Un cuerpo técnico asentado y un vacío en los despachos
Durante su etapa interina, O’Neill ya había empezado a modelar el club a su gusto. Incorporó a Shaun Maloney y Mark Fotheringham a su equipo de trabajo y elevó a Stephen McManus a un rol más senior dentro del staff.
La estructura, sin embargo, aún no está completa. El puesto de Head of Football Operations sigue vacante desde la salida de Paul Tisdale, que dejó el club en enero junto a Nancy. En ese escenario, el propio Maloney está en conversaciones para asumir un nuevo cargo dentro del área de fútbol y reclutamiento, una pieza clave para conectar el banquillo con la planificación deportiva a medio plazo.
Mercado agitado: refuerzos a la vista y estrellas en el escaparate
Con el banquillo resuelto, la mirada se desplaza inevitablemente al vestuario. Celtic, campeón de Escocia, no puede permitirse una pausa.

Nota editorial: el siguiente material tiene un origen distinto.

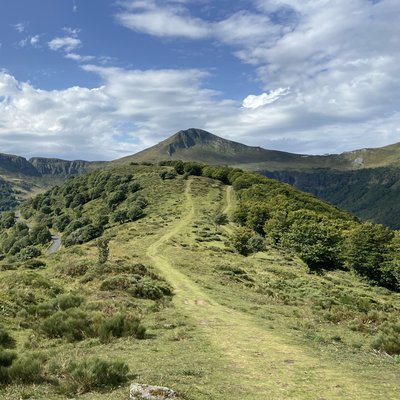 forêt, lande, estive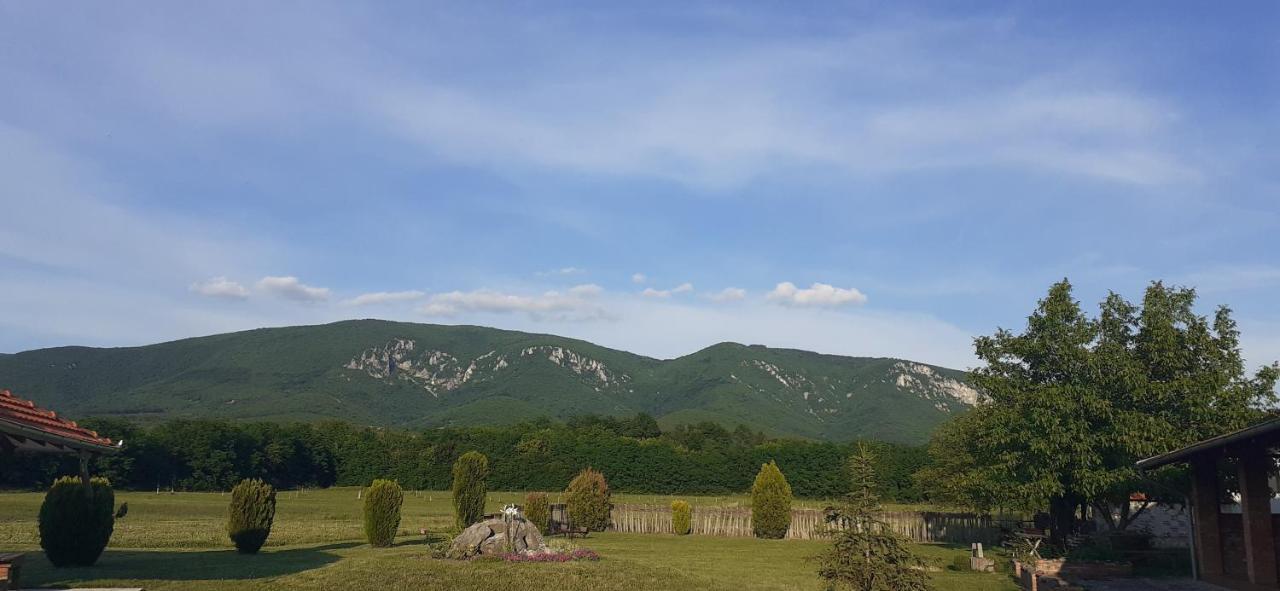 Apartamento Bistricki Mir 1 Petrovac na Mlavi Exterior foto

El club ya se mueve en el mercado y se ha visto vinculado a varios nombres, con un perfil claro: jugadores jóvenes con proyección y hambre.
Entre ellos destaca Taïryk Arconte, extremo de Rodez, que ha llamado la atención tras ayudar al club francés a alcanzar el play-off de ascenso a Ligue 1. Un futbolista vertical, de banda, que encaja con la necesidad de dar más filo al ataque.
Pero mientras llegan posibles refuerzos, las salidas amenazan el proyecto. Daizen Maeda, Arne Engels y Benjamin Nygren despiertan interés fuera de Glasgow. El caso de Nygren es especialmente delicado: el atacante ha admitido públicamente que podría estar abierto a un traspaso después de solo una temporada en el East End de la ciudad.
O’Neill conoce bien el guion. Sabe que mantener el núcleo competitivo será tan importante como fichar. El doblete le ha devuelto autoridad, pero también eleva el listón de exigencia. Ahora le toca sostener el éxito en medio de un verano que se anuncia intenso en los despachos.
Celtic ya tiene entrenador. Falta saber cuántas de sus figuras seguirán a su lado cuando ruede de nuevo el balón en Parkhead.